(Reuters) – A former University of Mississippi student was sentenced on Thursday to six months in prison for his role in draping a noose and a flag with a Confederate symbol around the neck of a statue of the school’s first black student, U.S. officials said.
Graeme Phillip Harris, who is white, pleaded guilty in June to a misdemeanor charge of using the threat of force to intimidate black students and staff at the school in Oxford, Mississippi.
In February 2014, Harris and others hung a rope, along with an old version of the Georgia state flag featuring the Confederate battle symbol, around the neck of a campus statue of James Meredith, prosecutors said in a statement.
Under a plea deal, U.S. prosecutors agreed in June to drop a felony charge of conspiracy to violate civil rights, on which Harris had been indicted by a grand jury.
U.S. Judge Michael Mills in the Northern District of Mississippi also ordered that Harris be supervised for one year after his release.

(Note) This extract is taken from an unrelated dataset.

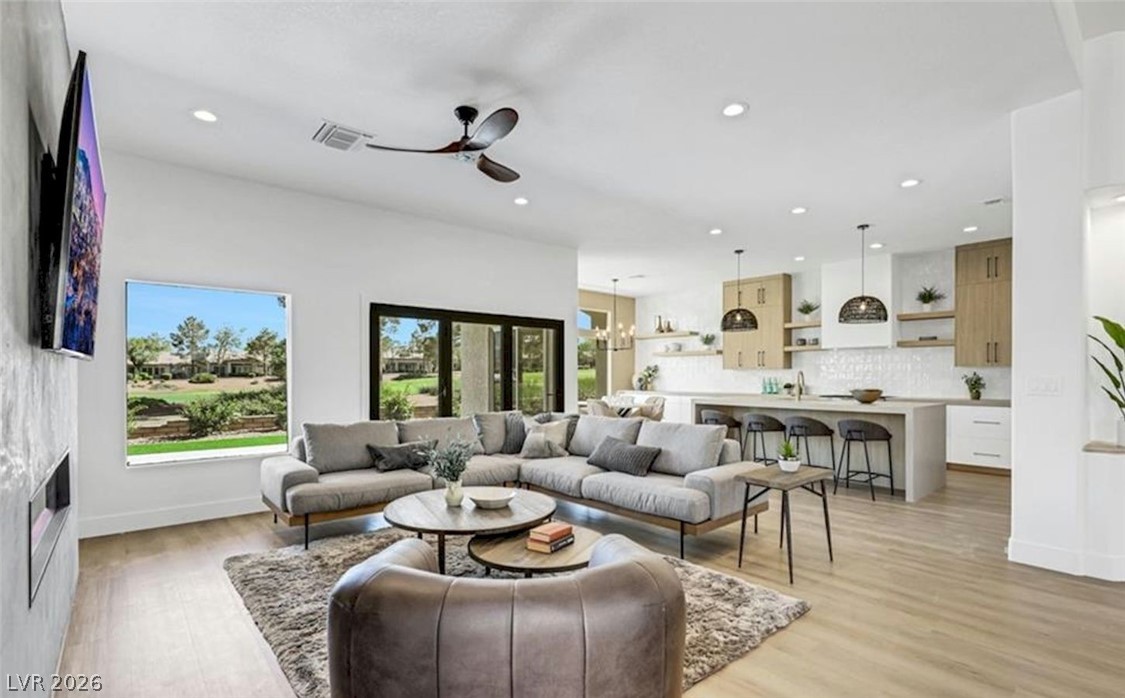 9213 Villa Ridge Drive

“Those who would use threats and intimidation to spread fear and hatred through our schools and workplaces should know that the Department of Justice will vigorously prosecute these cases,” Principal Deputy Assistant Attorney General Vanita Gupta, head of the Civil Rights Division, said in a statement.
David Hill, the attorney representing Harris, said he was disappointed his client had been sentenced to prison time for a misdemeanor.
“Though very disappointed in what the court has ordered for him, he (Harris) accepts it and is committed to moving forward, getting this drunken fraternity Saturday night behind him, and becoming the man and person he is committed to becoming,” Hill said in a statement.